## Exercise prompt
Everything from the line with "ECG PRODUCTS" down to the line with "Vacaciones en montaña" below must be printed exactly, those two lines included. Exclude pictures.

## Input records
══════════════════════════════
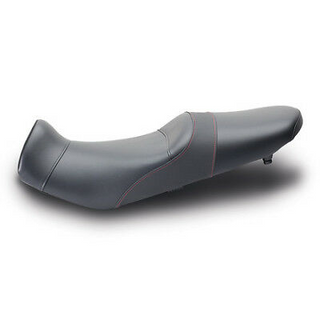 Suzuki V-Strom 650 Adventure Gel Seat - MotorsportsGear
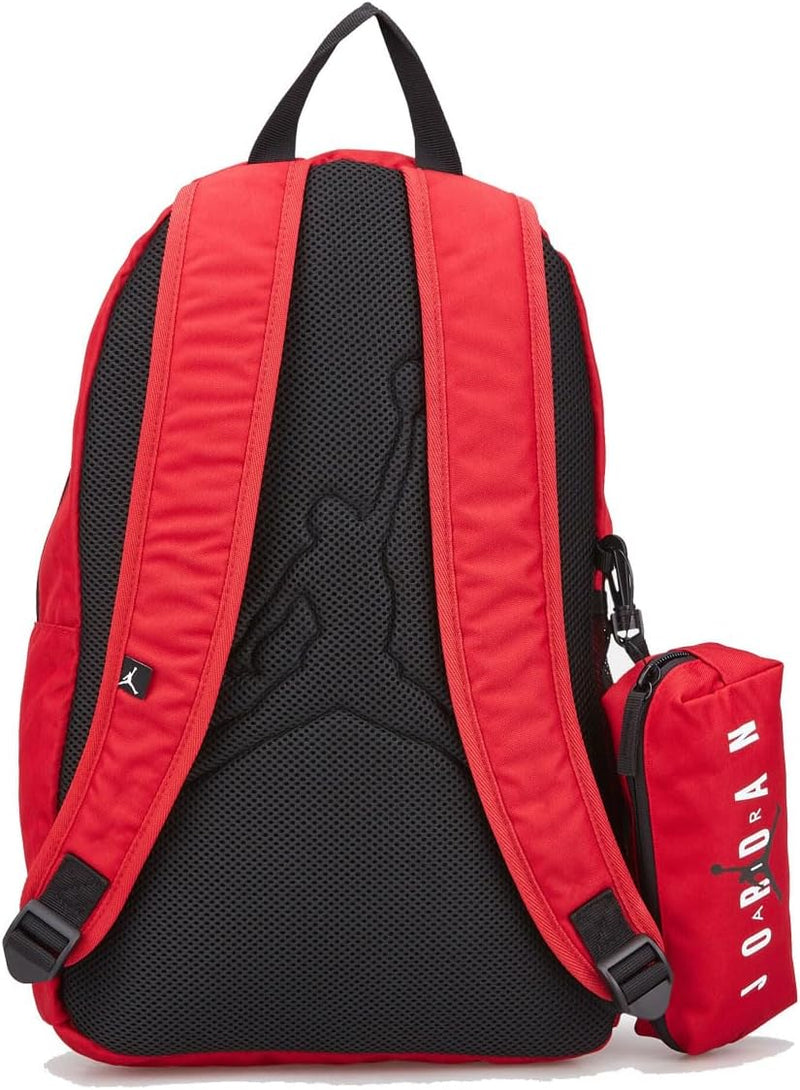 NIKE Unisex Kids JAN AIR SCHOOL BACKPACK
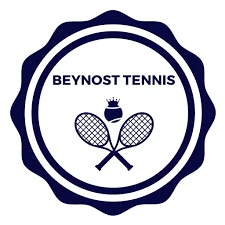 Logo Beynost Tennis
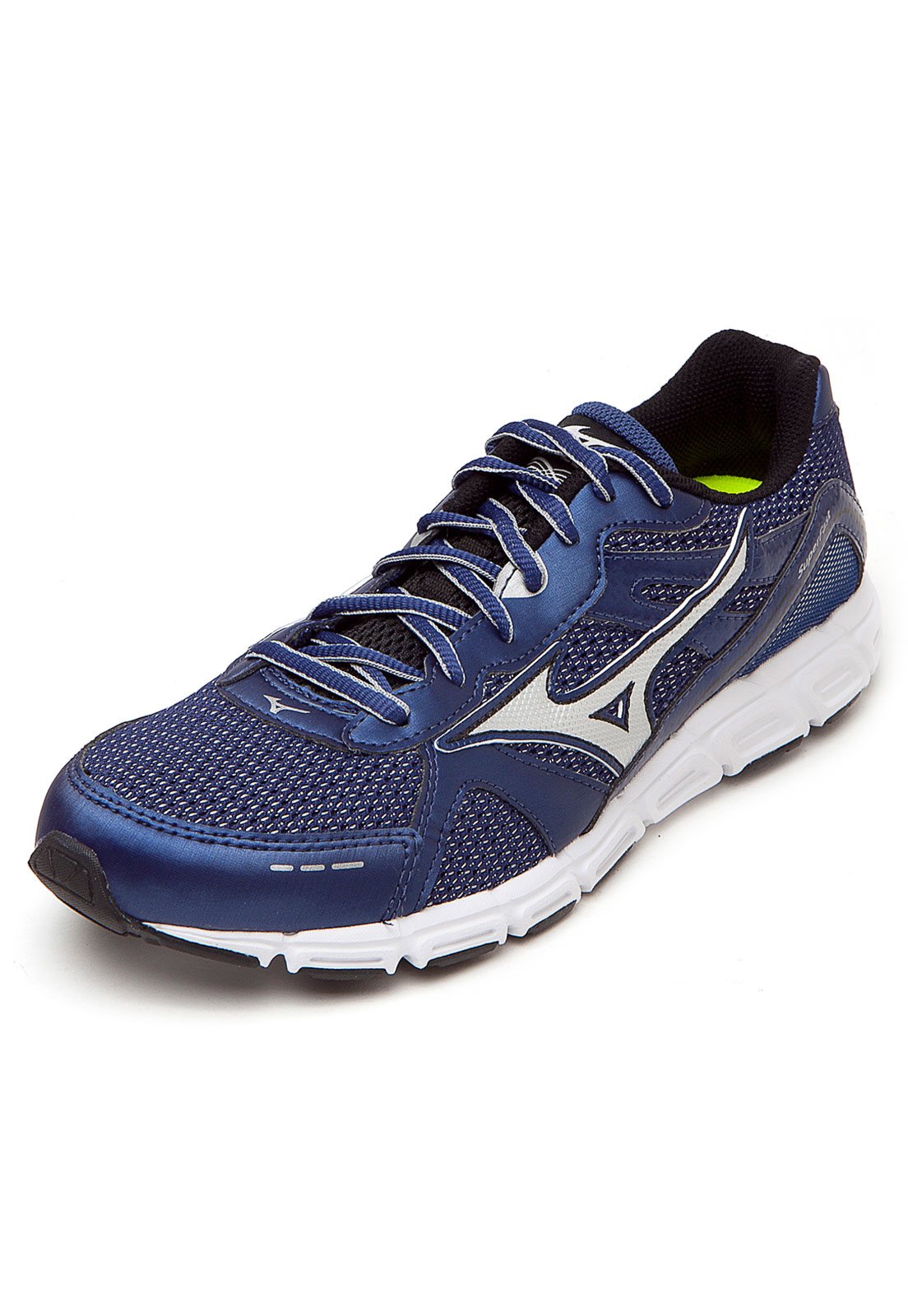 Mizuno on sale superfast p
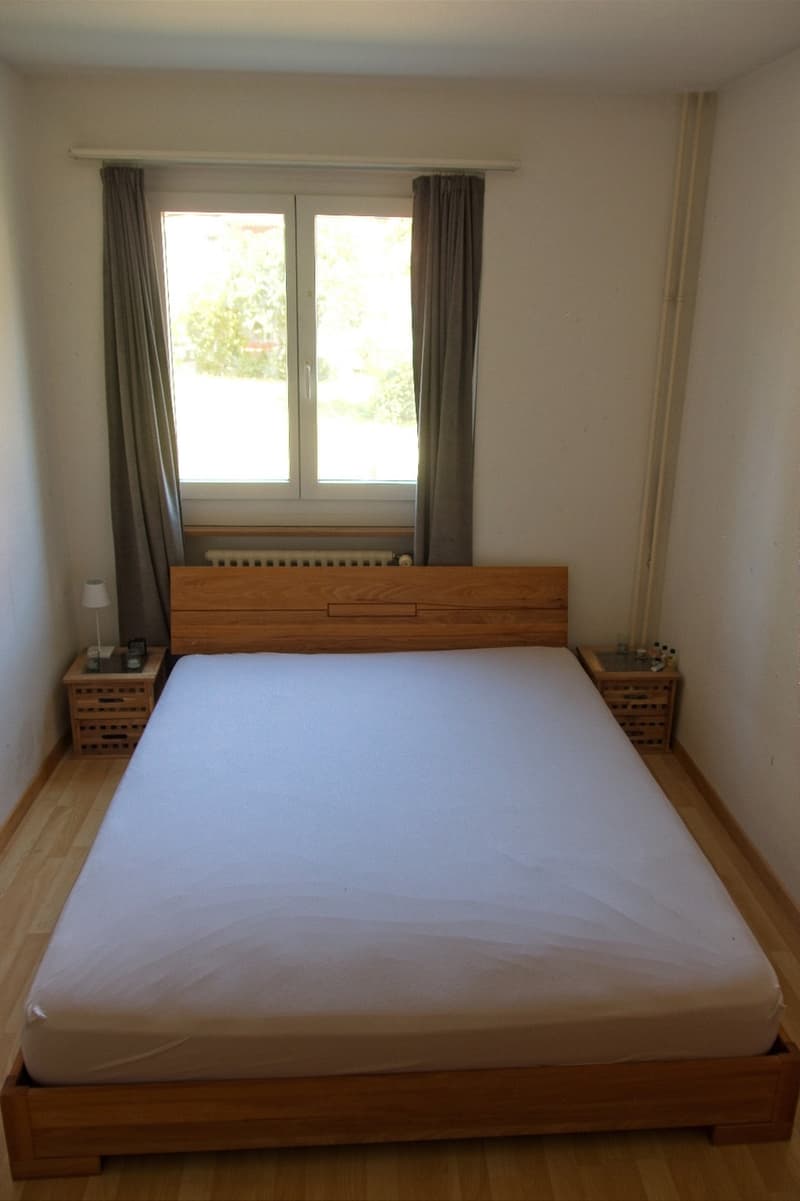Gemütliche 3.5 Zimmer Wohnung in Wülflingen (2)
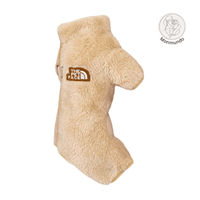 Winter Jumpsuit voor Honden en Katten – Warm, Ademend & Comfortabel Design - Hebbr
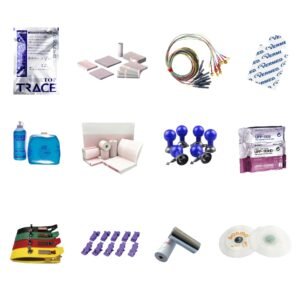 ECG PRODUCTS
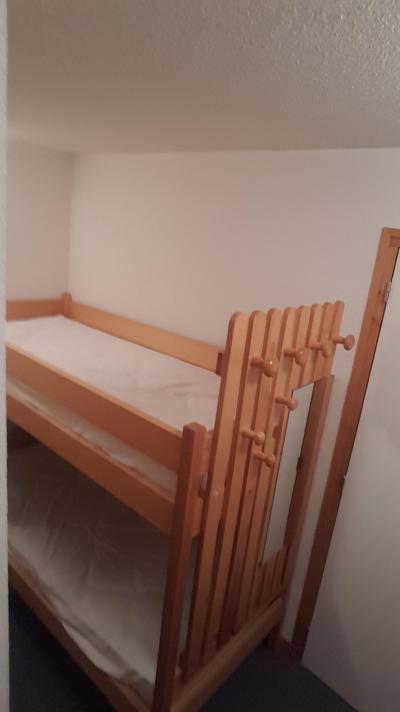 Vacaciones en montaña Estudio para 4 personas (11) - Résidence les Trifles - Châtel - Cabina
══════════════════════════════
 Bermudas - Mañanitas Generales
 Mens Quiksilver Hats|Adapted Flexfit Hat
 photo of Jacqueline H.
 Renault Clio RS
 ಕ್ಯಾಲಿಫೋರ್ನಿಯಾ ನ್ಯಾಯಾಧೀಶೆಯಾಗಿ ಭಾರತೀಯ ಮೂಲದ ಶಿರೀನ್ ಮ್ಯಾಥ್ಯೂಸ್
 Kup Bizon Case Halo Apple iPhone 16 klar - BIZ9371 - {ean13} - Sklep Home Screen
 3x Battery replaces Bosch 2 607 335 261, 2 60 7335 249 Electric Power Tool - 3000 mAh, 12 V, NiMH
══════════════════════════════
## Task output
 ECG PRODUCTS
 Vacaciones en montaña Estudio para 4 personas (11) - Résidence les Trifles - Châtel - Cabina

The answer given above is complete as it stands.